Bir buçuk asırdır, Uygurlar çocuklarına ve torunlarına mîras
olarak mal, mülk, servet, ev, araba, mevki ve mâkâm bırakmadılar. Kendi
ölümlerini, direnişlerini, kıyamlarını ve şehâdetlerini mîras bildiler. Sadece inançlarına,
ihlâslarına, samîmi duruşlarına ve Yüce Allah’a güvendiler. Çâresiz
kaldıklarında, her şeyin bittiği bir zamanda “Hasbün-Allah ve ni’mel Vekîl”
diyor, buzlu dağları yalın ayak yürüyerek aşıyor, ölülerini bilmedikleri,
tanımadıkları topraklara defnedip ikinci vatanları olarak gördükleri, Mevlânâ’nın
ve ataları olan erenlerin ülkesine geliyorlar.
Unutmayın, Anadolu, Uygurların da anayurdudur. Anadolu’ya
yaptığı hicret kaçmak değil, daha büyük şehâdete hazırlanma sürecidir. Rabbim
kimseyi öz vatanında parya, öz vatanında garip eylemesin! Kimseyi insan suratlı
Yecüc Mecüc Kızıl Çinlilerinin işgaline terk etmesin!

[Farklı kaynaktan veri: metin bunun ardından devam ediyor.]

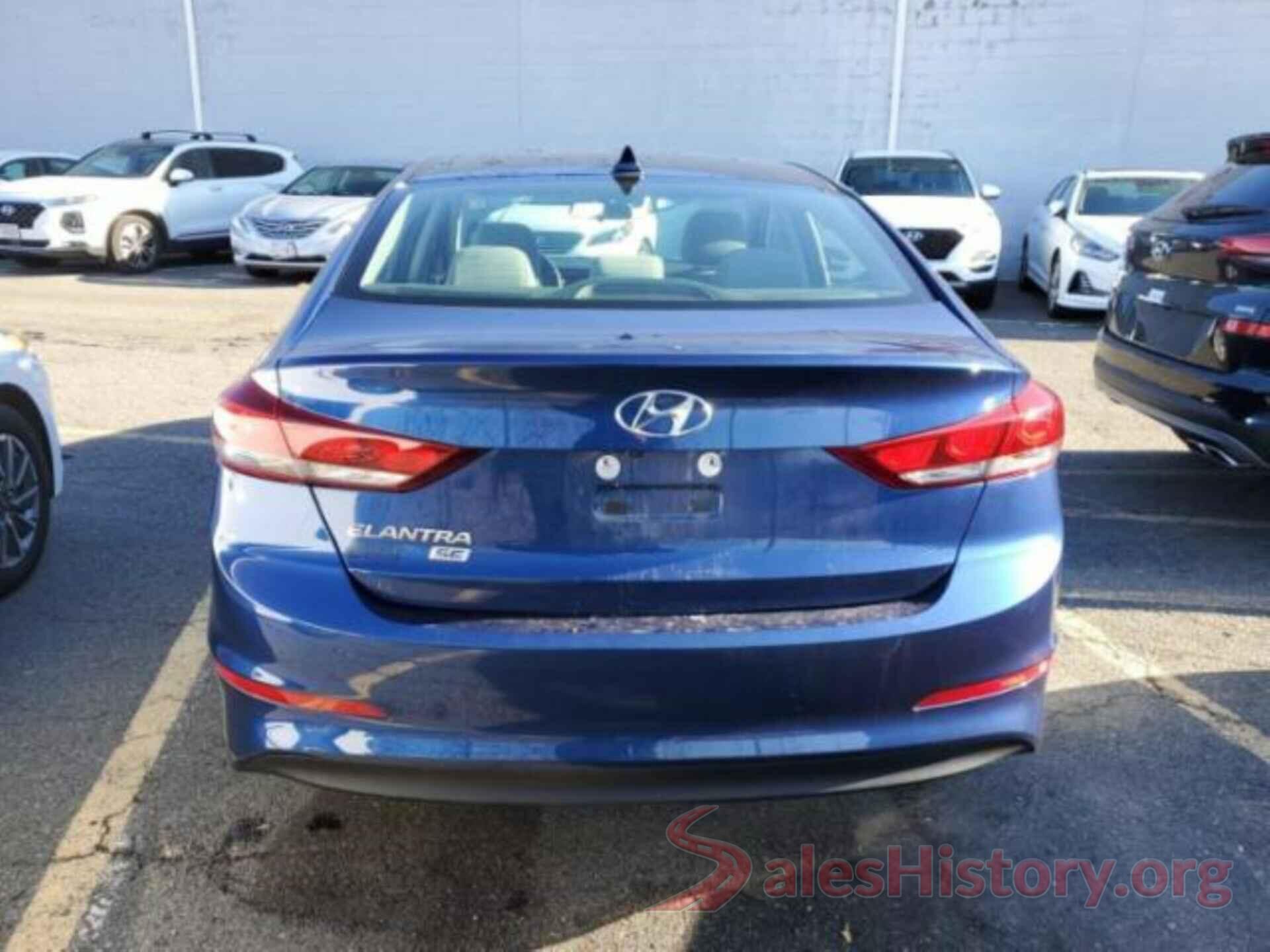 5NPD74LF5JH390229 2018 HYUNDAI ELANTRA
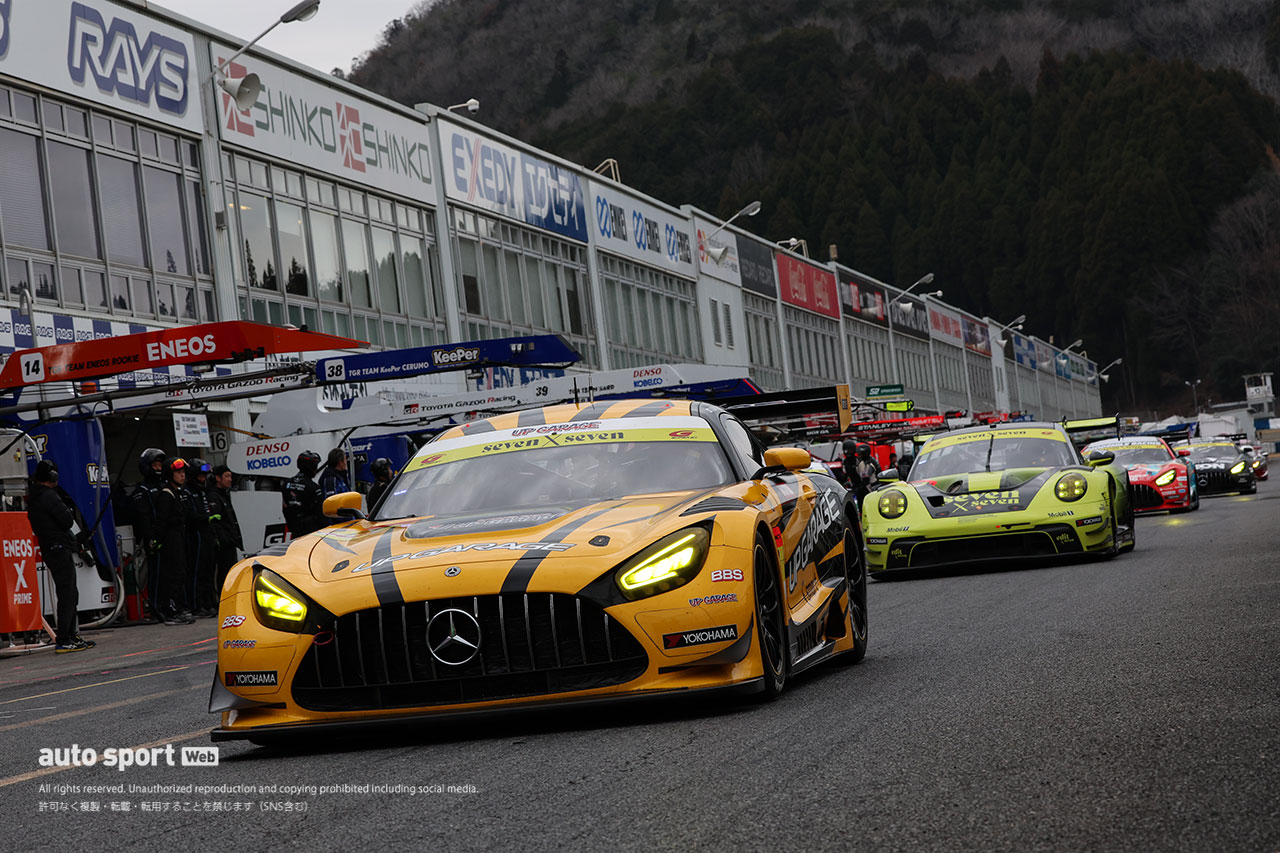 18号車UPGARAGE AMG GT3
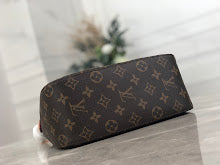 Luxury Monogram Shoulder Bag - Women's Elegant Designer Fashion - NM4332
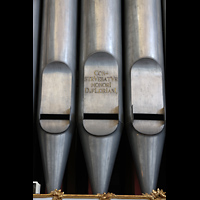 St. Florian, Stiftskirche, Prinzipalbass 32' miit Gravur imn linken Pedalturm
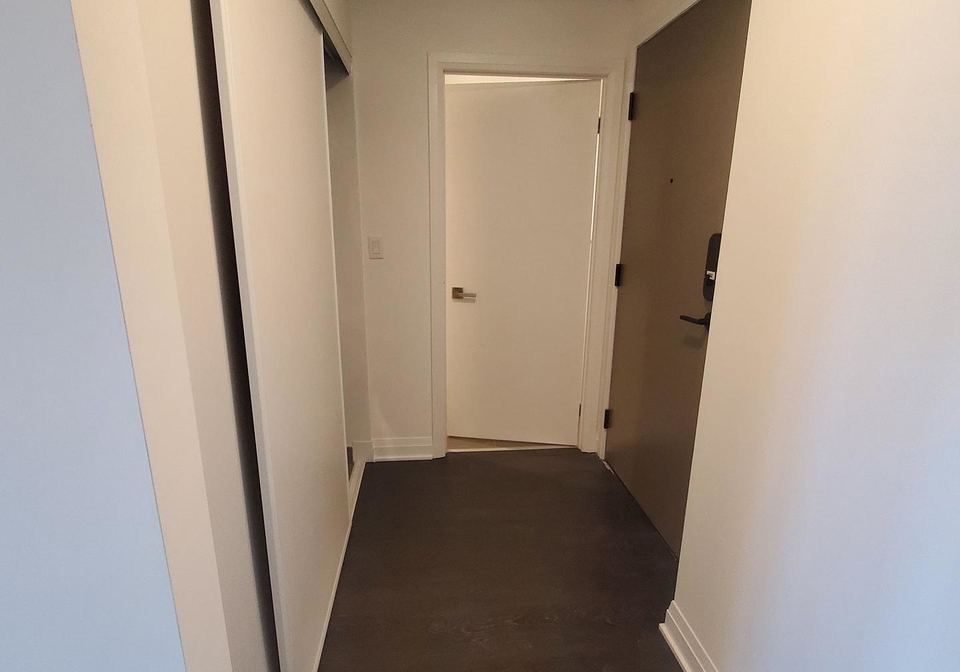 4015-the-exchange-na-mississauga-ontario-w12327882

Allah’ım, ne olur, bizi sözde insan hakları savunucularının, Batı’nın, sözde İslâm dünyasının ve sözde Türk dünyasının yardımına muhtaç eyleme! 136 senedir çekmekte olduğumuz şu pis işgalin intikamını kendi ellerimizle almayı nasip et! Bize Kendi Kudretinden güç ver, kendi gücümüzle tarihte onlarca kez olduğu gibi Çinlileri ülkemizden silip atmayı nasip eyle!